• **Task description**:
Give the listing again, word for word, and let no picture into it.

• **Collected material**:
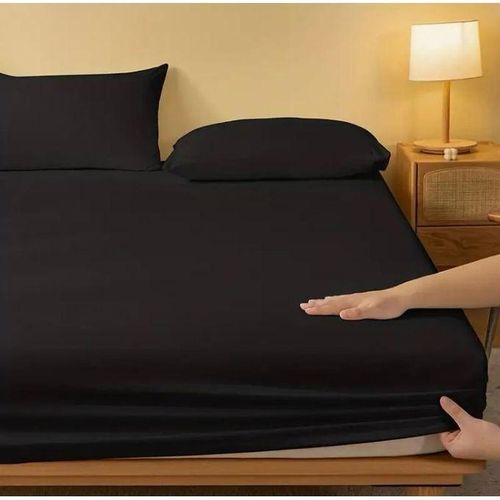 Drap Housse noir 160*200 cm de lit avec bande super doux + 2 Taie d'oreiller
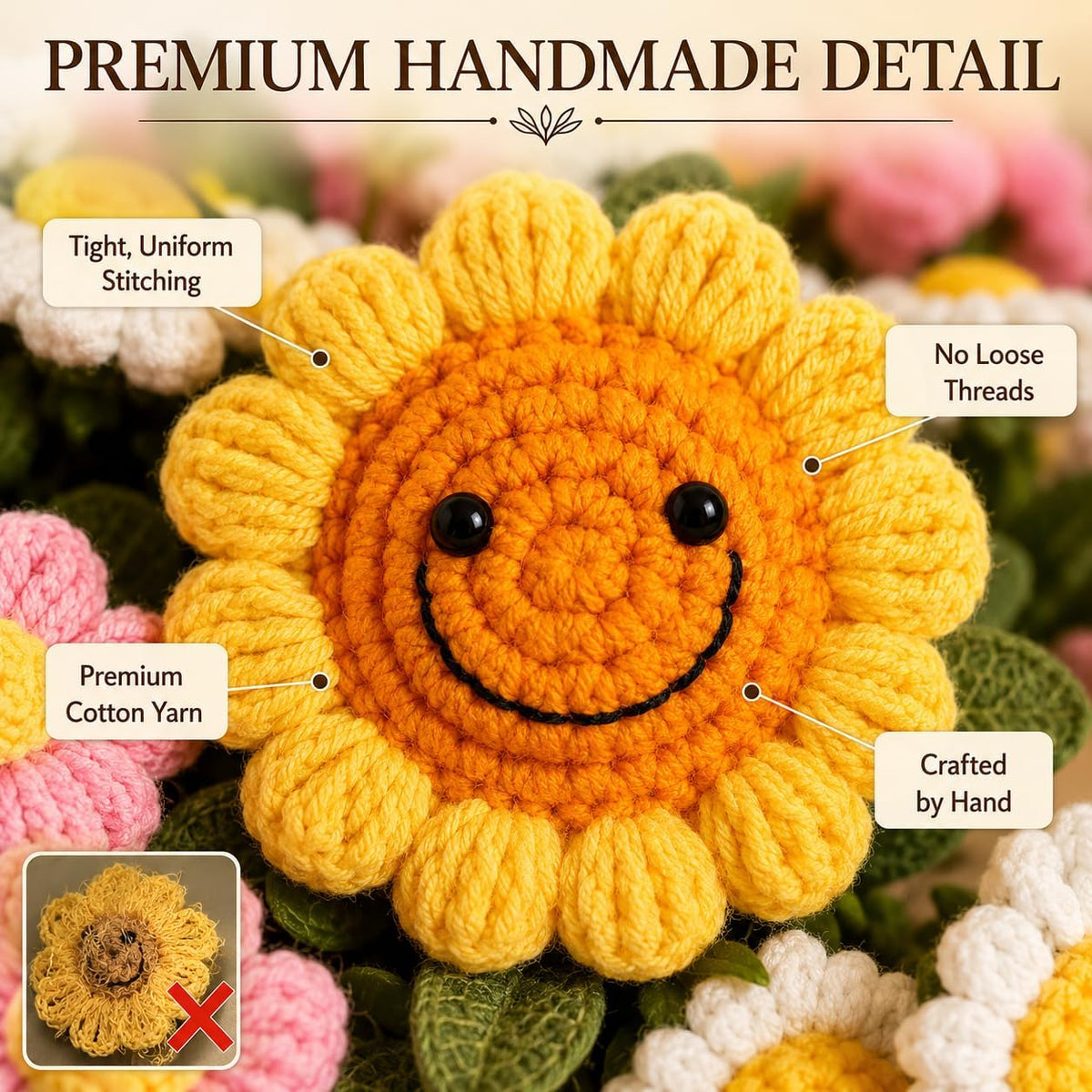 Crochet Flower Bouquet, Handmade Knitted Sunflowers Bouquet | Artificial Positive Crocheted Flowers for Girlfriend Mother's Day, Graduation, Birthday, Anniversary, Valentine's Day Gift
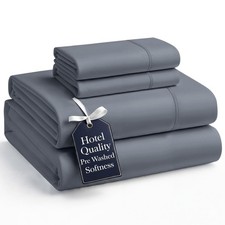 4 Piece Charcoal Microfiber King Sheet Set Pre-Washed Ultra Soft Breathable Bed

• **Your solution**:
 Drap Housse noir 160*200 cm de lit avec bande super doux + 2 Taie d'oreiller
 Crochet Flower Bouquet, Handmade Knitted Sunflowers Bouquet | Artificial Positive Crocheted Flowers for Girlfriend Mother's Day, Graduation, Birthday, Anniversary, Valentine's Day Gift
 4 Piece Charcoal Microfiber King Sheet Set Pre-Washed Ultra Soft Breathable Bed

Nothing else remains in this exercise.